Defendendo que o sistema de recrutamento central dos funcionários públicos deve ser mais económico, a Associação de Sinergia de Macau solicitou ao Comissariado da Auditoria que faça uma auditoria aos resultados para evitar mais desperdícios do erário público.

A associação presidida por Lam U Tou apontou que “o Governo subestimou o desejo da população de trabalhar na Função Pública” e, simultaneamente, superestimou a capacidade dos funcionários no recrutamento central. Nesse sentido, demorou anos a completar os procedimentos de recrutamento e alguns deles são considerados desnecessários.

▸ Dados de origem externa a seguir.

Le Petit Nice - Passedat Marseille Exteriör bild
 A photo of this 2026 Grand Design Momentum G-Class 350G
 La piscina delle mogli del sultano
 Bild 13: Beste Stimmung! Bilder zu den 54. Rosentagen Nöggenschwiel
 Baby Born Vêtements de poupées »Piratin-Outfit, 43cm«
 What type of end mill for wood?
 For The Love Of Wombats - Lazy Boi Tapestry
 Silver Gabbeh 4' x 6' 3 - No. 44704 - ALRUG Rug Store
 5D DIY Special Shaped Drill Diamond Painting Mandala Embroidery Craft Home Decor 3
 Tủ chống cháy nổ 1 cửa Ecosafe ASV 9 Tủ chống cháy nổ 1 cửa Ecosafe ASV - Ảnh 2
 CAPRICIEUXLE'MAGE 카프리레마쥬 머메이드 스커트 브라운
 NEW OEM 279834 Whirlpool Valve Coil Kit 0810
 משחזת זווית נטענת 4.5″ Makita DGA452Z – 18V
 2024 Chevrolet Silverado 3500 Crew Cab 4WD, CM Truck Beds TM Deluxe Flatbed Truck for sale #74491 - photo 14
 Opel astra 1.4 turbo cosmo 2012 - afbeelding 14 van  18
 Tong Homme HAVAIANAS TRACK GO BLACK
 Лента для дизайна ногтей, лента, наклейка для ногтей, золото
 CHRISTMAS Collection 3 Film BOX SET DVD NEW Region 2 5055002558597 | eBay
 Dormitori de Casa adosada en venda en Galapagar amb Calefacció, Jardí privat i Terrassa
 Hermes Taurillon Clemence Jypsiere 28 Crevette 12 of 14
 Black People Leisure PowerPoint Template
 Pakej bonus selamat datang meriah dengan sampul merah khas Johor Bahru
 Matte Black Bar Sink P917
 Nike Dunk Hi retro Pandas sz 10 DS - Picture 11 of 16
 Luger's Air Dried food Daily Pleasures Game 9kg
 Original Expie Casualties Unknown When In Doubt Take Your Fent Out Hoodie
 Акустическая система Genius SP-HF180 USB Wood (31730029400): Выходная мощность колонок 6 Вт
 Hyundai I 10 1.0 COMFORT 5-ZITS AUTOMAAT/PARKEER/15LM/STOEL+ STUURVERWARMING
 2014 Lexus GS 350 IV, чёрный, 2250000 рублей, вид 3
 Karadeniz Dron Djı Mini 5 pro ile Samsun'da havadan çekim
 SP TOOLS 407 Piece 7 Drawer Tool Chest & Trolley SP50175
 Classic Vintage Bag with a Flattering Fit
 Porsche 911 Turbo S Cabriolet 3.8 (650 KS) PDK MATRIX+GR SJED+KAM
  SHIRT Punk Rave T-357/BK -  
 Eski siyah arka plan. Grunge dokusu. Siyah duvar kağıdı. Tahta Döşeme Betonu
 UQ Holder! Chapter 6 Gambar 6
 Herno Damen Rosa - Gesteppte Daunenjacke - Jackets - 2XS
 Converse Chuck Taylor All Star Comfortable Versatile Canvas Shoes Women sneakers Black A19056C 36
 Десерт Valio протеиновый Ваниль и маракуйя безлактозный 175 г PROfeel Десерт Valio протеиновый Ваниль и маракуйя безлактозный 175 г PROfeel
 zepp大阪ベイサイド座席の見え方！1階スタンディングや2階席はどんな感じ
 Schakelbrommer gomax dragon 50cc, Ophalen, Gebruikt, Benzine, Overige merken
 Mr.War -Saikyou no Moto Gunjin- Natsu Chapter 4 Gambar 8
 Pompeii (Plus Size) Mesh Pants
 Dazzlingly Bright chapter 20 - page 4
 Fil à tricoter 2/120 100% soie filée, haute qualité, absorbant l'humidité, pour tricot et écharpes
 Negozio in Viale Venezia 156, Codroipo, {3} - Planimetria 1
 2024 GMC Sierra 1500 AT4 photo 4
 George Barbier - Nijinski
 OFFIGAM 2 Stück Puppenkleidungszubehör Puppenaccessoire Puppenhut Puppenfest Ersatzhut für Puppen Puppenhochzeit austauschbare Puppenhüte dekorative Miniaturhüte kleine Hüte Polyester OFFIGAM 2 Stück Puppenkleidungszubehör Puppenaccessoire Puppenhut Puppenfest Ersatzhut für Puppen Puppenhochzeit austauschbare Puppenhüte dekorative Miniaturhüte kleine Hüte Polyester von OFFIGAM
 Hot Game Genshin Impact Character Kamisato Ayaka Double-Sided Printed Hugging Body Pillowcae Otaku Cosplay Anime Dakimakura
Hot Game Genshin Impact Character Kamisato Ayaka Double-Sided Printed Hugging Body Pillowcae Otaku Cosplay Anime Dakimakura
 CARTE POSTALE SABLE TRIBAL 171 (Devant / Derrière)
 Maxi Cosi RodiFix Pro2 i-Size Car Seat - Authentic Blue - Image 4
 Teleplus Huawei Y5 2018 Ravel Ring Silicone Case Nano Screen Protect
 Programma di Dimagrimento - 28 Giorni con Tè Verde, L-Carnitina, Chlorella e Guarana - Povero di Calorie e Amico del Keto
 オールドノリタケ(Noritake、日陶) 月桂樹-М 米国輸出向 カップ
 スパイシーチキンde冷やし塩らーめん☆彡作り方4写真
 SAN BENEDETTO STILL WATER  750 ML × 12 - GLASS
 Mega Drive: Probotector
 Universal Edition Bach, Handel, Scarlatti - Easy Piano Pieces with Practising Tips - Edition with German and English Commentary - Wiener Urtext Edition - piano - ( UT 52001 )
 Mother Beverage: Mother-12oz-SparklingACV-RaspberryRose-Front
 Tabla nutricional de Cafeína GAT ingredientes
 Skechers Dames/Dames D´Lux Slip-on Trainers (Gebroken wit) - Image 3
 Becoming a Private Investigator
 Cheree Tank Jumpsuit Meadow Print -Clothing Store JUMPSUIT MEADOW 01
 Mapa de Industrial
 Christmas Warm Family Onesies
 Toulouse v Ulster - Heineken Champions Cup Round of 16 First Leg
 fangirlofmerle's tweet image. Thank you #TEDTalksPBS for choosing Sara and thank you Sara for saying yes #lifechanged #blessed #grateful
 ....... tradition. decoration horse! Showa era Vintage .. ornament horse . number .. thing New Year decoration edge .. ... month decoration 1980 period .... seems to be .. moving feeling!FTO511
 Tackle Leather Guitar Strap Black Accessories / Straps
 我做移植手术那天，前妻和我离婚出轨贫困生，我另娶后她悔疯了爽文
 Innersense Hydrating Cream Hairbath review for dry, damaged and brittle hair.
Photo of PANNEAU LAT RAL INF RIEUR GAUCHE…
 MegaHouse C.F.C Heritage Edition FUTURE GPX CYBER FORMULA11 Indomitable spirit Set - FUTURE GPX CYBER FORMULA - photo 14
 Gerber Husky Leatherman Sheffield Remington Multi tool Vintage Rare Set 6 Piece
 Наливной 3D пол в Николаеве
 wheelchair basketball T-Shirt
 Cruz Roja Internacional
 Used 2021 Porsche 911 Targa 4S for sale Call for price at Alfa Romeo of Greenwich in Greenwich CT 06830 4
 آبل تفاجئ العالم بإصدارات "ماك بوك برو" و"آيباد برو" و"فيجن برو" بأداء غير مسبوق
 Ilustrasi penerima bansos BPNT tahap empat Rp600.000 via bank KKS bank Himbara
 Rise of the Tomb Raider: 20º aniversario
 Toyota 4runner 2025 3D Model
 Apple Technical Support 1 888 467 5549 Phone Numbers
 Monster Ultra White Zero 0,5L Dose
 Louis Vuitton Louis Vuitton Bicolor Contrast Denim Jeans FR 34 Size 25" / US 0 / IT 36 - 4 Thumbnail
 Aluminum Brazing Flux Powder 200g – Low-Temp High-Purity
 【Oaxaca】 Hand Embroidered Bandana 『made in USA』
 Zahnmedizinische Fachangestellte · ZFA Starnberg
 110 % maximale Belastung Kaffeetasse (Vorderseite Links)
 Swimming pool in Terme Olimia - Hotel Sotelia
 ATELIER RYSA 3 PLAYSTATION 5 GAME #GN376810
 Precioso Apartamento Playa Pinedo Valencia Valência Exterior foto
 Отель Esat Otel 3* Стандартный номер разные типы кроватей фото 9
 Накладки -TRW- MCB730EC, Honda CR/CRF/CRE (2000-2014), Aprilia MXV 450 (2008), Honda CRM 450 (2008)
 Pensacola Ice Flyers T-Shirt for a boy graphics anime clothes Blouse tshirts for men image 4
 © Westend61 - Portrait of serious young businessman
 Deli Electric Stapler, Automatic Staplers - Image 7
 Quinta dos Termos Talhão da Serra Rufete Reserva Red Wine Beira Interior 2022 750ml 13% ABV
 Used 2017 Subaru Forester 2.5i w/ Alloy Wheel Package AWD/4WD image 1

Segundo a associação, a auditoria de resultados visa analisar e calcular cientificamente os custos e os efeitos do sistema de recrutamento central, porque a seu ver existe um elevado desperdício na realização dos exames desse sistema. Isto porque se registou uma repetição dos testes de alguns conteúdos, aumentando directamente o trabalho do Governo.

Mais de 90% dos candidatos passaram no exame geral, pelo que a segunda avaliação contou com uma elevada participação. Para além disso, a partir de 2016, a avaliação foi dividida em geral e na especialidade. “Esta divisão parece razoável, mas duplicou o volume de trabalho e aparentemente não conseguiu resolver os defeitos do recrutamento central, porque passados dois anos ninguém conseguiu entrar na Função Pública”, referiu em comunicado.

A segunda avaliação na especialidade realiza-se nos próprios serviços e, mesmo que as vagas sejam poucas, podem registar-se milhares de candidaturas.

A Sinergia frisou ainda que o actual sistema de recrutamento central deixou alguns serviços públicos sem candidatos e outros fora do serviço que desejavam.